Observers couldn’t help but notice the irony: President Barack Obama on Monday signed the Press Freedom Act, then refused to take any questions from members of the press.
In a broader sense, the event was another demonstration of Obama’s standoffish relationship with the news media — despite his campaign vow of a “transparent” administration.
Obama has not fielded questions at a full-blown press conference since way back on July 22, 2009.
President George H.W. Bush had nearly three press conferences a month. Bill Clinton and Lyndon Johnson convened an average of about two a month, Ronald Reagan had less than one press conference every two months, and Richard Nixon averaged one every seven weeks.
Obama lags behind both Nixon and Reagan: He called five press conferences during his first six months in office, and none in the 10 months that followed, the Huffington Post reported.
As for less formal short exchanges with reporters, Obama has had 47, compared with 147 for George W. Bush in his first year and 252 for Clinton, according to figures compiled by professor Martha Joynt Kumar of Towson University in Towson, Md.
Reporters were on hand in the Oval Office when Obama signed the Daniel Pearl Press Freedom Act, which expands the State Department’s annual human rights reports to include a description of press freedoms in each country.
The bill is named after the Jewish Wall Street Journal reporter terrorists beheaded in February 2002.
After Obama signed the bill, Chip Reid of CBS News asked the president if he still has confidence in BP in the wake of the massive oil spill in the Gulf of Mexico. Obama ignored the question. Reid then said: “In the interest of press freedom, would you take a couple questions on BP?”
Reid reported: “He told me I was free to ask questions. Someone else shouted, ‘Will you answer them?’ He said he’s not holding a press conference today as we were escorted out the door.”
There have been other recent instances of Obama’s reluctance to speak with the press:
• On May 4, Obama refused to field any questions from reporters in the Rose Garden after delivering an angry statement regarding the oil spill.
• On May 12, Obama had a joint “press conference” with Afghan President Hamid Karzai, but reporters were allowed to ask only four questions — two each for the U.S. and foreign press corps. Fox News reported that, “for the White House press corps, it might seem more of a tease than a meaty Q&A.”
• On Wednesday, Obama held a joint press conference with Mexican President Felipe Calderon but said there was time for only one question from the White House press corps and one from foreign reporters.
“And in what I suspect was a White House effort to assure that the questioning was limited to immigration and other issues of U.S.-Mexico concern, he called on the Univision reporter from the U.S. side,” CBS’ Reid noted.
“So if his goal was to avoid answering any tough questions about yesterday’s elections, or the oil spill, or financial regulation, or Iran, or Afghanistan — he succeeded.”
Then as Obama and Calderon began to walk back to the Oval Office, Reid said he shouted: “Do you have any plans for a REAL press conference?” Obama did not respond.

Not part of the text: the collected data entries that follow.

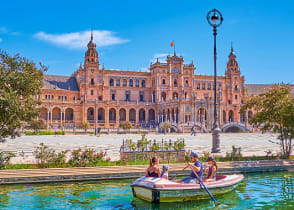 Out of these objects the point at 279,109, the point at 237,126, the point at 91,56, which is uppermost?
the point at 91,56

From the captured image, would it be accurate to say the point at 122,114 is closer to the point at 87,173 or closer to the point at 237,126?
the point at 237,126

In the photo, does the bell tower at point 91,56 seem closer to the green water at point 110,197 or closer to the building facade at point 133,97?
the building facade at point 133,97

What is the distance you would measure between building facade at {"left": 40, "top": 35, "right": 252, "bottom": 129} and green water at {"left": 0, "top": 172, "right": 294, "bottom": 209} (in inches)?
1957

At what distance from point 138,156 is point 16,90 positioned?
5726 millimetres

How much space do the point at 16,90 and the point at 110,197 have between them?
19.6 ft

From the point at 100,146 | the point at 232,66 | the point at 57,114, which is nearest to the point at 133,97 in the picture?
the point at 57,114

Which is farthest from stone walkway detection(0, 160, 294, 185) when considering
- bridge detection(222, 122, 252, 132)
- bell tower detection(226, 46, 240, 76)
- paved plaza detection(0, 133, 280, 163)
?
bell tower detection(226, 46, 240, 76)

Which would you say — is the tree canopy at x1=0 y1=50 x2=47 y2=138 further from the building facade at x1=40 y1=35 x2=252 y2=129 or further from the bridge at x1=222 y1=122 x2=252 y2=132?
the bridge at x1=222 y1=122 x2=252 y2=132

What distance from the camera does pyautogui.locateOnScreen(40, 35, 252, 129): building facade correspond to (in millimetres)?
66062

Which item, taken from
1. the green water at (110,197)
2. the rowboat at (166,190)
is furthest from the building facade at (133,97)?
the rowboat at (166,190)

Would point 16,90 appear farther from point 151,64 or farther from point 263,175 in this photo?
point 151,64

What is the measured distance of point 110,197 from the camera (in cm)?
991

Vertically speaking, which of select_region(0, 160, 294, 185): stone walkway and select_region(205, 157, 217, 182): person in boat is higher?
select_region(205, 157, 217, 182): person in boat

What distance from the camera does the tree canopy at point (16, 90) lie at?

Obama’s orchestration of the so-called “press conferences” can be seen as one element of the administration’s efforts to manipulate the press. The White House refused to grant interviews to Fox News and tried to limit its access because the network often criticized the administration. Obama also has attacked conservative talk radio.
Howard Kurtz of The Washington Post reported that, when ABC, NBC, and CBS balked at airing Obama’s July 2009 news conference in prime time, White House Chief of Staff Rahm Emanuel called the heads of the parent companies of all three networks and pressured them to air the event.
“There’s a reason Emanuel went over the heads of the programming execs: The programming execs recognize that each time Obama rips out the heart of a weekday primetime lineup, he costs them revenue,” Ben Shapiro observed at townhall.com.
“The White House has to use the covert threat of a cutoff in White House access for networks that refuse to play ball. The alphabet networks all know that the Obama White House has largely frozen Fox’s access to administration officials. They know that Obama grants his friends access while cutting off his enemies. This endangers the independence of the press in a catastrophic way . . .
“With Obama openly pressuring the networks to accede to its requests or face a reportorial cutoff, we are witnessing the hijacking of the First Amendment in toto.”
Thanks to the White House’s manipulation of the news media, Obama has not had to answer hard questions about a wide range of recent issues.
But the press should not have been surprised by Obama’s secretiveness.
During the campaign, he refused or declined to release many personal documents that most candidates do automatically. Such papers included his records as an Illinois state legislator and his transcripts from Occidental, Columbia and Harvard Universities.
Obama promised to be the most transparent president in history, but the promise appears “just words.”